What shocked most people about Kureishi’s rant was the sheer, brazen hypocrisy of it all. Here is someone who makes his living from an activity that he evidently despises – much as he appears to despise the students he teaches – and yet is content to pocket the salary that accompanies this fruitless endeavour, without any consideration for either the people who have paid big fees to study at the university where he teaches (Kingston) or the consequences for the rest of us in having to pick up the broken crockery after this moribund and incredibly tedious domestic turbulence, once again. I am not even convinced how much of Kureishi’s polemic was for real, nor do I really care. The fact is that we have all had thoughts like Kureishi’s on a bad day, but we get over it. The evidence, as Tim Clare’s entertaining response to Kureishi: Can Creative Writing Be Taught? Not If Your Teacher’s A Prick – is that many people get quite a lot from a Creative Writing course. From my own experience (I teach at Cardiff University) I would venture that MA students are not so naïve as to expect to make it into the upper zones of the literary stratosphere simply by gaining a qualification in Creative Writing. Most of them would accept that we, their tutors, cannot ‘teach them to write’, but that we can make them aware of certain techniques and strategies by which they can help themselves towards becoming better writers. Most of them would also accept that real talent – whatever that is – is rare (though whether the figure of 99.9% figure cited by Kureishi is relevant or not, I rather doubt: it reeks of the old prejudice about ‘genius’ and a ‘God-given gift’, or the equally defunct and baffling notion of inspiration from the muse). Those who do succeed (whatever the measure of success), and who possess a modicum of talent, begin with a strong urge to write – which often takes on the characteristics of an obsession – and they persevere through rewriting and rewriting until they get a result. Much as I suspect Kureishi did.

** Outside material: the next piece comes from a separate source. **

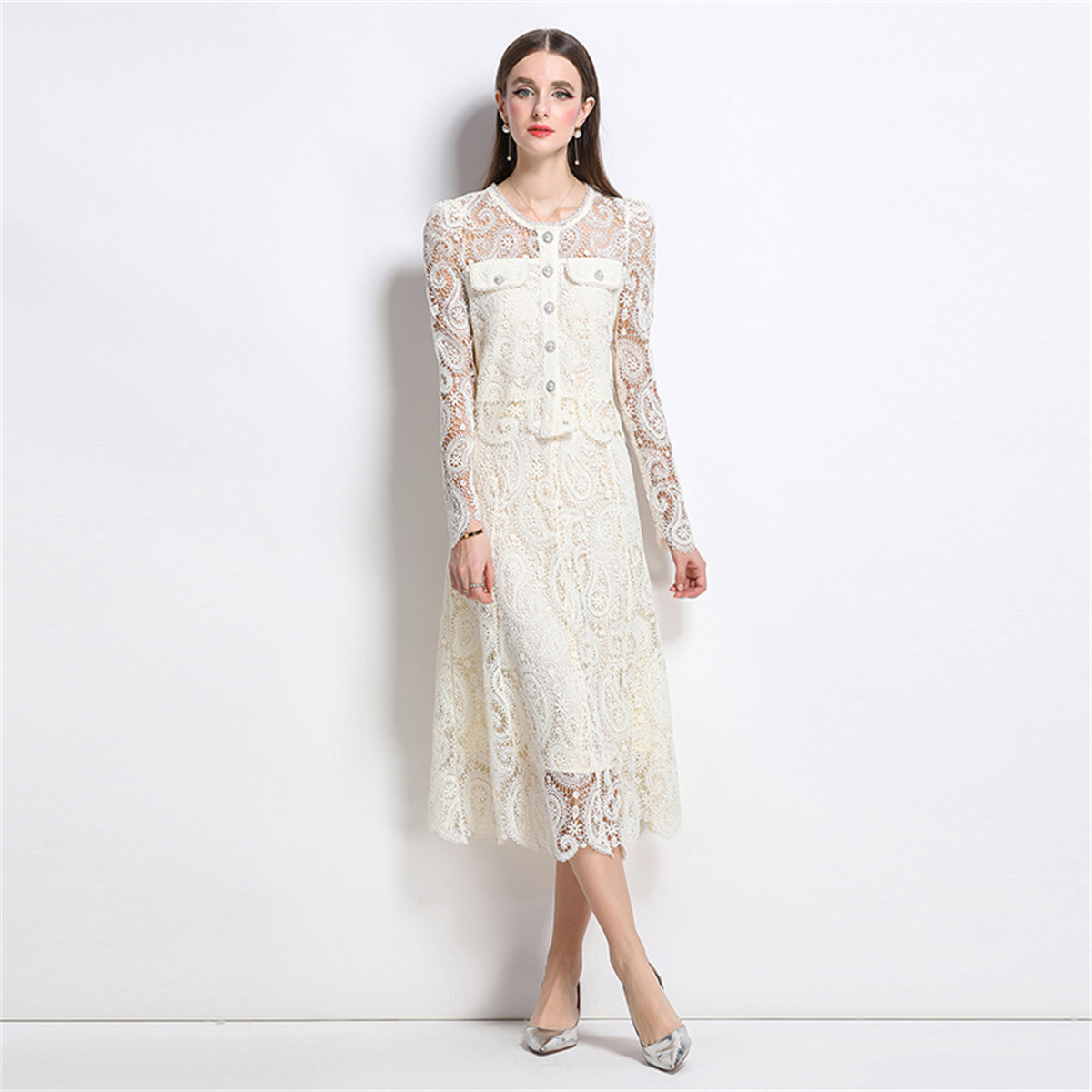 Spring Sweet Lace Flower Embro - Midi Skirt Floral のレビューと価格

One of the modules on the Cardiff MA, taught by a colleague (Shelagh Weeks), is ‘The Teaching of Creative Writing’ (Module SET203). The assessment comes in the form of a 3,000 word essay, submitted after the students have spent some weeks working with aspiring writers in schools and with our own undergraduates. Here is a sample quotation:
‘Some students have considerable phantasies about becoming a writer, of what they think being a writer will do for them. This quickens their desire, and helps them get started. But when the student begins to get an idea of how difficult it is to complete a considerable piece of work – to write fifteen thousand good words, while becoming aware of the more or less impossibility of making significant money from writing – she will experience a dip, or ‘crash’ and become discouraged and feel helpless. The loss of a phantasy can be painful, but if the student can get through it – if the teacher can show the student that there’s something good in her work and help her endure the frustration of learning to do something difficult – the student will make better progress.’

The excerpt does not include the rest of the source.